Hardt and Negri argue for a political strategy that combines prefigurative politics, antagonistic reformism and taking power to overthrow existing institutions and create new democratic ones (274-280). Employing just one of these forms of politics often faces problems and limits. Assembly argues for the complementarity of the three political strategies: “The taking of power, by electoral or other means, must serve to open space for autonomous and prefigurative practices on an ever-larger scale and nourish the slow transformation of institutions, which must continue over the long term. Similarly practices of exodus must find ways to complement and further projects of both antagonistic reform and taking power” (278). Example projects that such a complementary left-wing politics could struggle for include guaranteed basic income as “a money of the common” (294) and “open access to and democratic management of the common” (294). Such a form of left-wing politics constitutes a new Machiavellian Prince that does not put Power, but the common first (chapter 13).
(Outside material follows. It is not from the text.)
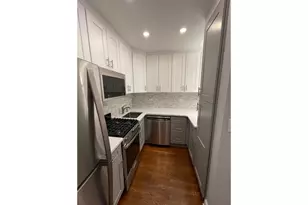 5730 Mosholu Ave, New York City, NY 10471 - Photo 4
In more concrete terms, Hardt and Negri argue for a politics of left-wing convergence, in which unions and social movements converge into social unionism that organises social strikes against the exploitation of the social production of the common.

Isn’t the left-wing politics that Hardt and Negri argue for a kind of Luxemburgism 2.0 in the age of the social production of the common? Rosa Luxemburg in her time argued against Eduard Bernstein’s pure parliamentary social democratic reformism. She opposed anarchist individualism and propagated using the mass strike as political tactic. Luxemburg neither rejected nor fetishished parliamentary politics. She rejected Leninist vanguard party politics and argued for organising the spontaneity of protest. She opposed war, imperialism and nationalism with internationalist politics. She saw that the limitation of democracy in post-revolutionary Russia was a serious shortcoming that would create major problems. Luxemburg argued for dialectics of party/movements, organisation/spontaneity, leader/masses (see Luxemburg 2008). The point, where we need to transcend Luxemburg’s politics today is that she was very sceptical about the feasibility of autonomous projects, especially co-operatives. Self-management cannot start from nothing in a new society. It needs social forms that germinate in capitalism and produce seeds that as a common point beyond profit and wage-labour.

Hardt and Negri oppose both neoliberal entrepreneurship that resonates “especially in the digital world of dotcoms and start-ups” (142) and social entrepreneurship that is a “social neoliberalism” (145) that outsources welfare state to voluntary action, charities, and communities. “The nexus of social neoliberalism and social entrepreneurship destroy community networks and autonomous modes of cooperation that support social life” (146).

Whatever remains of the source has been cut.